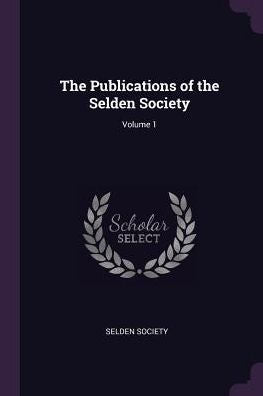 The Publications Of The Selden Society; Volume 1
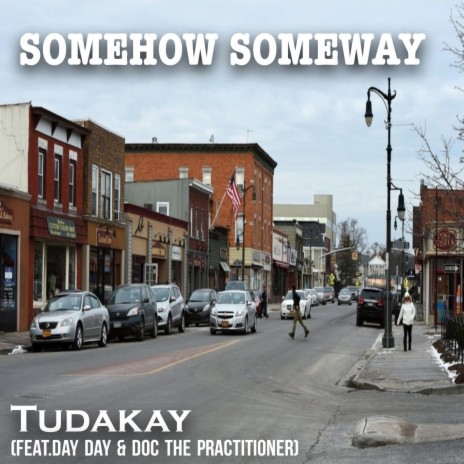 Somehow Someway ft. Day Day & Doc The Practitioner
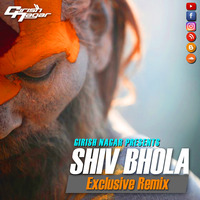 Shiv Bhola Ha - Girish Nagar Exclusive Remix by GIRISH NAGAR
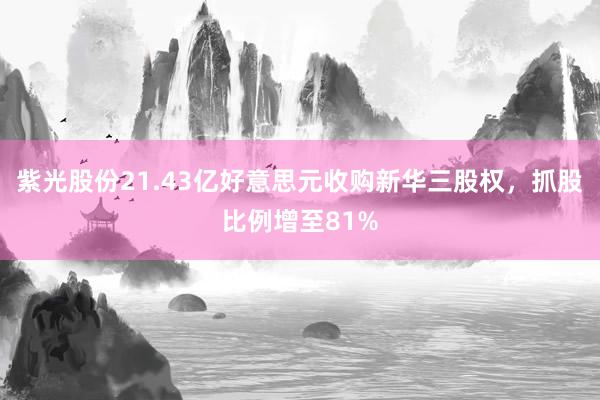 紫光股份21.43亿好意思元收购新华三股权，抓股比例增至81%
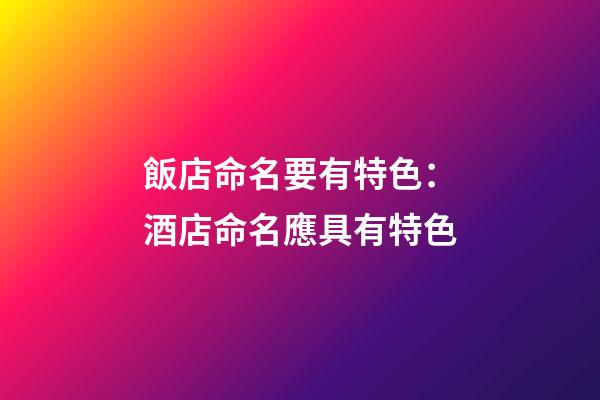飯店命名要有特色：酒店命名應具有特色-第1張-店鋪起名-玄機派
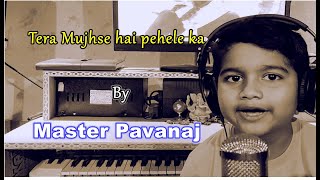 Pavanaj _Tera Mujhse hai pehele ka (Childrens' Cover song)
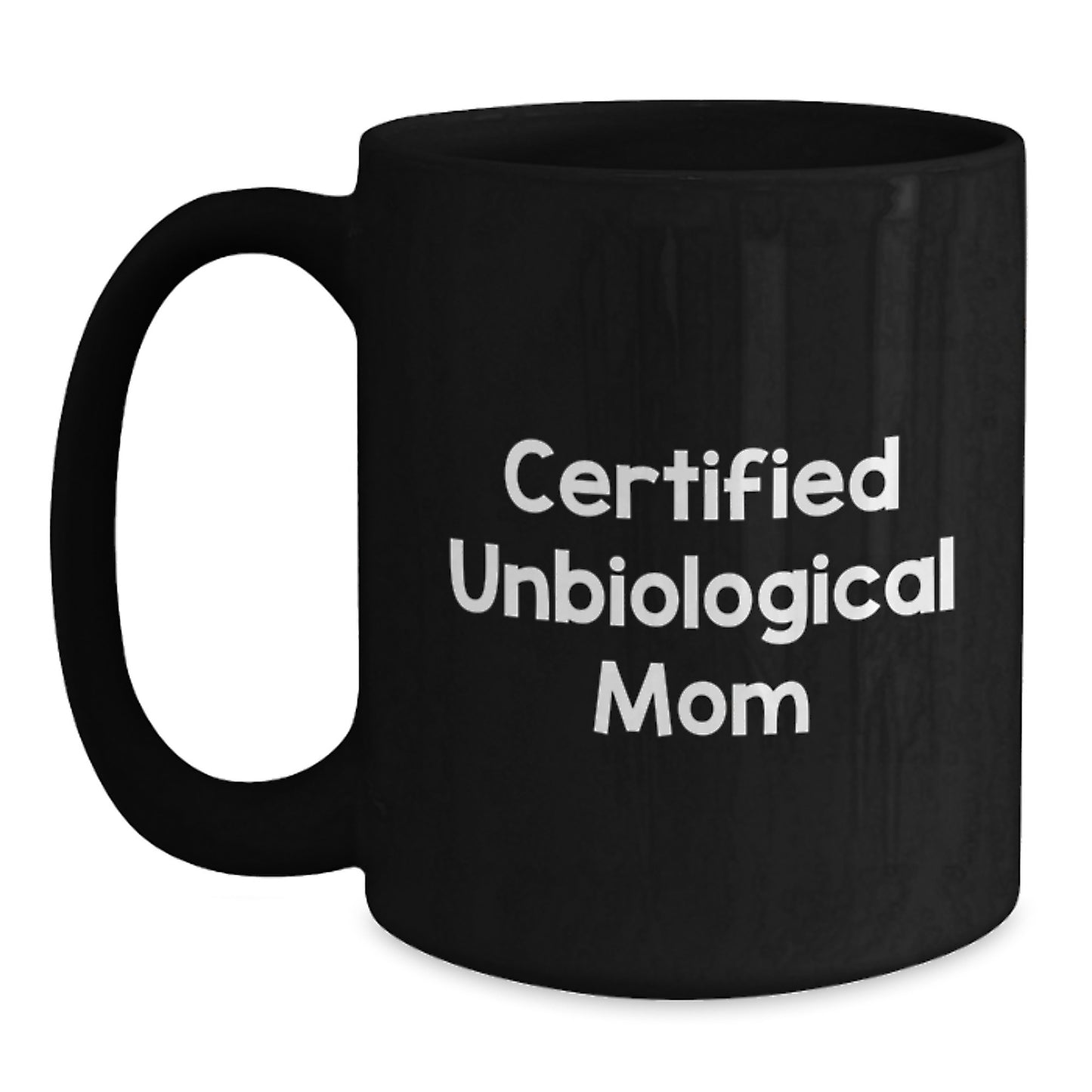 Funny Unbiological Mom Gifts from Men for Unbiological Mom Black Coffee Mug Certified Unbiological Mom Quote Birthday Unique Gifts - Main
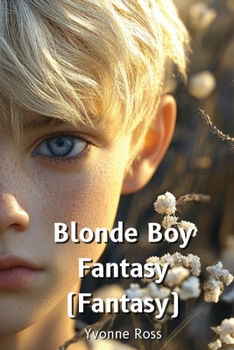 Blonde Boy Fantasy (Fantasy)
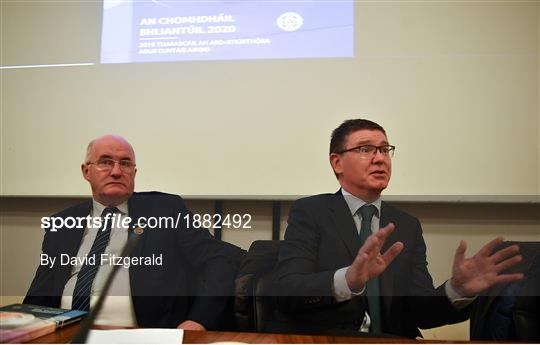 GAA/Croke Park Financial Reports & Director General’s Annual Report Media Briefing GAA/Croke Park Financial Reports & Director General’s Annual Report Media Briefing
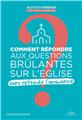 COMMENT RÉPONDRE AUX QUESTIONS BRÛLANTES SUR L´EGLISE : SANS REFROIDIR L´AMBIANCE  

+ + +

Output all the entries above verbatim, please. No images.

 The Publications Of The Selden Society; Volume 1
 Somehow Someway ft. Day Day & Doc The Practitioner
 Shiv Bhola Ha - Girish Nagar Exclusive Remix by GIRISH NAGAR
 紫光股份21.43亿好意思元收购新华三股权，抓股比例增至81%
飯店命名要有特色：酒店命名應具有特色-第1張-店鋪起名-玄機派
 Pavanaj _Tera Mujhse hai pehele ka (Childrens' Cover song)
 Funny Unbiological Mom Gifts from Men for Unbiological Mom Black Coffee Mug Certified Unbiological Mom Quote Birthday Unique Gifts - Main
 Blonde Boy Fantasy (Fantasy)
 GAA/Croke Park Financial Reports & Director General’s Annual Report Media Briefing GAA/Croke Park Financial Reports & Director General’s Annual Report Media Briefing
 COMMENT RÉPONDRE AUX QUESTIONS BRÛLANTES SUR L´EGLISE : SANS REFROIDIR L´AMBIANCE  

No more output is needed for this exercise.